December 12, 2004
Last modified December 12, 2004 - 2:10 am
Guest opinion: Watergate lessons remain for media, U.S
By CHARLES LEWIS
WASHINGTON - The tension between power and the press, between spinning and searching for truth, between disinformation and information, is of course endemic to the human condition itself. And in trying times like these, when reporters at major news organizations are facing jail time for refusing to disclose confidential source information and it looks as if things are going to hell, it is strangely consoling to recall that others before us have also traveled on what must have seemed to be the road to perdition.
The Pentagon Papers case and the Watergate scandal about Richard Nixon's White House still represent the bleakest moments and the loftiest triumphs of journalism in contemporary America. They provide an invaluable perspective as we ponder the future and assess the tectonic damage to our long-cherished freedoms of speech and information in the past three years in the wake of the unimaginable carnage of Sept. 11, 2001.

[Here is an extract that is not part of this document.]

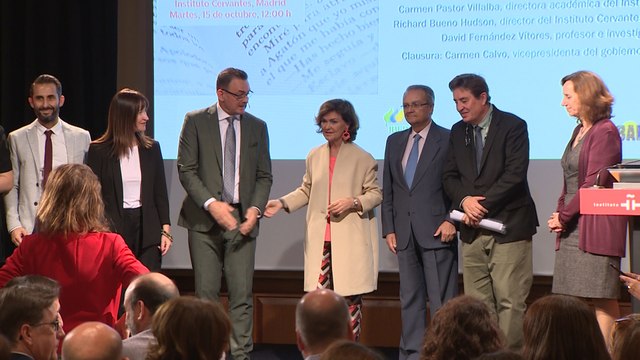 Calvo en el acto presentación del anuario español del Instituto Cervantes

In the weeks and months before Sept. 11, the Bush administration's obsession with secrecy and its aggressive control tactics had already become apparent. For example, instead of turning his gubernatorial papers over to the Texas State Library and Archives, as tradition would have it, Gov. Bush, in his last hours, tried to shelter his official records inside his father's presidential library at Texas A&M University, outside the jurisdiction of the strong Texas public information law. He was overruled by the state attorney general.
In the summer of 2001, Vice President Cheney refused to release basic information about meetings he and other administration officials had held - on government time and property - with energy company executives to help formulate federal policies, a position on which he remains steadfastly adamant.